With limited refrigerator/freezer space, preparations are a 2 day process. Yesterday was the meat phase. Today was the fruit/veggie phase. (Tomorrow is the mixing phase, not part of preparations).
After work, I went to the grocery store. At the time I was grabbing my cart, a couple was getting theirs.
The Produce Section is just inside the door.
As I was slowly making my way through the produce, I noticed the woman of the couple looking at me several times. I assumed it was due to my ‘after work’ appearance, today being a particularly grubby one, and didn’t pay her any mind. Instead, I continued to study the produce, thumping this, smelling that, and pinching a few of those, inching my way around the Department twice before making my selections.
I ran into the couple again in the canned vegetable aisle. As I was carefully reading the labels looking for specific out of season veggies, sans salt, I noticed again, the woman looking at me, this time, quizzically.
By the time we met the third time, in the frozen vegetable aisle, my cart was awash in fresh produce and several canned vegetables. Noticing the one canned veggie I had with salt, was available without it, frozen, I removed the offending cans, and started to make my way back the aisle to put them back . In doing so, I nearly ran smack into the woman. All I could think to say was “Frozen has no salt!” as I passed her. In retrospect, perhaps “excuse me” would have been a better statement.
Our final meeting place was at the check out line.
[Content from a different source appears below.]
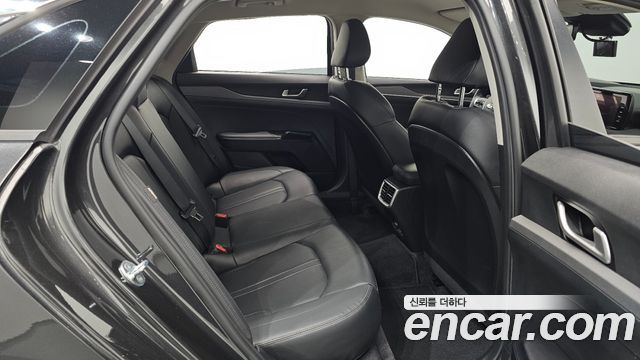 Kia K5 2021 — photo 18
I had just put my plethora of nature’s bounty on the conveyor when the couple arrived in line, directly behind me, the woman looking righteous, the man looking dejected.
Suddenly getting a serious case of grumbellies, I added a snack bag of potato chips to my purchases.
“Look, she’s getting chips!”, piped the man.
A little shocked that people I don’t know had apparently been talking about me, and clearly without thinking, I replied “Those are for me, the rest is for my dogs.”
The woman assumed a look of shock.
The man a visage of triumph.
The cashier broke out in rather loud laughter.
I lost what might have been my only chance to be a role model.